• Data for this task:

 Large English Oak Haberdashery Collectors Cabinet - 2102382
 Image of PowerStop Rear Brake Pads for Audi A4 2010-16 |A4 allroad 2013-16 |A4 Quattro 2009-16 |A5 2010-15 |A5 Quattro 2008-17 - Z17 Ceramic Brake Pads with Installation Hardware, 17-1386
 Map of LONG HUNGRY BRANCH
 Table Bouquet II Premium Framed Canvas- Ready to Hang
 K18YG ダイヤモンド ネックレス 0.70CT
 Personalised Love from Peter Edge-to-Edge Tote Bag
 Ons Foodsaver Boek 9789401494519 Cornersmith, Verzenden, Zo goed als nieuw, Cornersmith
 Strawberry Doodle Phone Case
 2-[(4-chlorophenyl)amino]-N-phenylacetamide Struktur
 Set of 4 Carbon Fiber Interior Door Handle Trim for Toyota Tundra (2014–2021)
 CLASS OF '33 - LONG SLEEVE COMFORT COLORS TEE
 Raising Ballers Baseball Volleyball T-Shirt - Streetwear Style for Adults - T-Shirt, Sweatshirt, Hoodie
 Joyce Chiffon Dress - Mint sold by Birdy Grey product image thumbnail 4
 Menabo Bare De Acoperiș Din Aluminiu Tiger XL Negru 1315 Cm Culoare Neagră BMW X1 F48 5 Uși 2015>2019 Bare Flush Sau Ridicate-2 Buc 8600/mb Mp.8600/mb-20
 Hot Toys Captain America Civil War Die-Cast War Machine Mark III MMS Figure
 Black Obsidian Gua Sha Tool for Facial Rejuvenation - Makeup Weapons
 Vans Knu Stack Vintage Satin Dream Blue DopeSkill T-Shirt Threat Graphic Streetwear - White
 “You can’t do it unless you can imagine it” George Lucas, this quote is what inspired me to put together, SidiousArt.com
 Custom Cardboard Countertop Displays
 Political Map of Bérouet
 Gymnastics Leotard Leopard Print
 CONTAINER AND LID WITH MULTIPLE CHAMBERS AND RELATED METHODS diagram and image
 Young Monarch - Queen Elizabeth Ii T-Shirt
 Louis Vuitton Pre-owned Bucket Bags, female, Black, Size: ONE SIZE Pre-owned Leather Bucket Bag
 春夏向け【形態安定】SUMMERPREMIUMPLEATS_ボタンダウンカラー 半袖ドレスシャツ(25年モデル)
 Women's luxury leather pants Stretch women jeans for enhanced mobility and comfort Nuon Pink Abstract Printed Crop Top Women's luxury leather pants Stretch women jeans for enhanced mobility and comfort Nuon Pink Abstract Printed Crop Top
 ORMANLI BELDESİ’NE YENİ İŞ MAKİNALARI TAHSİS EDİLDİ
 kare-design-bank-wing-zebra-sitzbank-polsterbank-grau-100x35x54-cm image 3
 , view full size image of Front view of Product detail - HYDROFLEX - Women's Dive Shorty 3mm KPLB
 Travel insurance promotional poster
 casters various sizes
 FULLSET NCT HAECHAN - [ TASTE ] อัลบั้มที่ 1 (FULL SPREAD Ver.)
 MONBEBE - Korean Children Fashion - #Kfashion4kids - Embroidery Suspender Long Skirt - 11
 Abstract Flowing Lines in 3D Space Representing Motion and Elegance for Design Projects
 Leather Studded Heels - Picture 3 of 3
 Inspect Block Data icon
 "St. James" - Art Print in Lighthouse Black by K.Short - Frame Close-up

• What is needed:
I'd like every record written out exactly as given.

• The answer:
 Large English Oak Haberdashery Collectors Cabinet - 2102382
 Image of PowerStop Rear Brake Pads for Audi A4 2010-16 |A4 allroad 2013-16 |A4 Quattro 2009-16 |A5 2010-15 |A5 Quattro 2008-17 - Z17 Ceramic Brake Pads with Installation Hardware, 17-1386
 Map of LONG HUNGRY BRANCH
 Table Bouquet II Premium Framed Canvas- Ready to Hang
 K18YG ダイヤモンド ネックレス 0.70CT
 Personalised Love from Peter Edge-to-Edge Tote Bag
 Ons Foodsaver Boek 9789401494519 Cornersmith, Verzenden, Zo goed als nieuw, Cornersmith
 Strawberry Doodle Phone Case
 2-[(4-chlorophenyl)amino]-N-phenylacetamide Struktur
 Set of 4 Carbon Fiber Interior Door Handle Trim for Toyota Tundra (2014–2021)
 CLASS OF '33 - LONG SLEEVE COMFORT COLORS TEE
 Raising Ballers Baseball Volleyball T-Shirt - Streetwear Style for Adults - T-Shirt, Sweatshirt, Hoodie
 Joyce Chiffon Dress - Mint sold by Birdy Grey product image thumbnail 4
 Menabo Bare De Acoperiș Din Aluminiu Tiger XL Negru 1315 Cm Culoare Neagră BMW X1 F48 5 Uși 2015>2019 Bare Flush Sau Ridicate-2 Buc 8600/mb Mp.8600/mb-20
 Hot Toys Captain America Civil War Die-Cast War Machine Mark III MMS Figure
 Black Obsidian Gua Sha Tool for Facial Rejuvenation - Makeup Weapons
 Vans Knu Stack Vintage Satin Dream Blue DopeSkill T-Shirt Threat Graphic Streetwear - White
 “You can’t do it unless you can imagine it” George Lucas, this quote is what inspired me to put together, SidiousArt.com
 Custom Cardboard Countertop Displays
 Political Map of Bérouet
 Gymnastics Leotard Leopard Print
 CONTAINER AND LID WITH MULTIPLE CHAMBERS AND RELATED METHODS diagram and image
 Young Monarch - Queen Elizabeth Ii T-Shirt
 Louis Vuitton Pre-owned Bucket Bags, female, Black, Size: ONE SIZE Pre-owned Leather Bucket Bag
 春夏向け【形態安定】SUMMERPREMIUMPLEATS_ボタンダウンカラー 半袖ドレスシャツ(25年モデル)
 Women's luxury leather pants Stretch women jeans for enhanced mobility and comfort Nuon Pink Abstract Printed Crop Top Women's luxury leather pants Stretch women jeans for enhanced mobility and comfort Nuon Pink Abstract Printed Crop Top
 ORMANLI BELDESİ’NE YENİ İŞ MAKİNALARI TAHSİS EDİLDİ
 kare-design-bank-wing-zebra-sitzbank-polsterbank-grau-100x35x54-cm image 3
 , view full size image of Front view of Product detail - HYDROFLEX - Women's Dive Shorty 3mm KPLB
 Travel insurance promotional poster
 casters various sizes
 FULLSET NCT HAECHAN - [ TASTE ] อัลบั้มที่ 1 (FULL SPREAD Ver.)
 MONBEBE - Korean Children Fashion - #Kfashion4kids - Embroidery Suspender Long Skirt - 11
 Abstract Flowing Lines in 3D Space Representing Motion and Elegance for Design Projects
 Leather Studded Heels - Picture 3 of 3
 Inspect Block Data icon
 "St. James" - Art Print in Lighthouse Black by K.Short - Frame Close-up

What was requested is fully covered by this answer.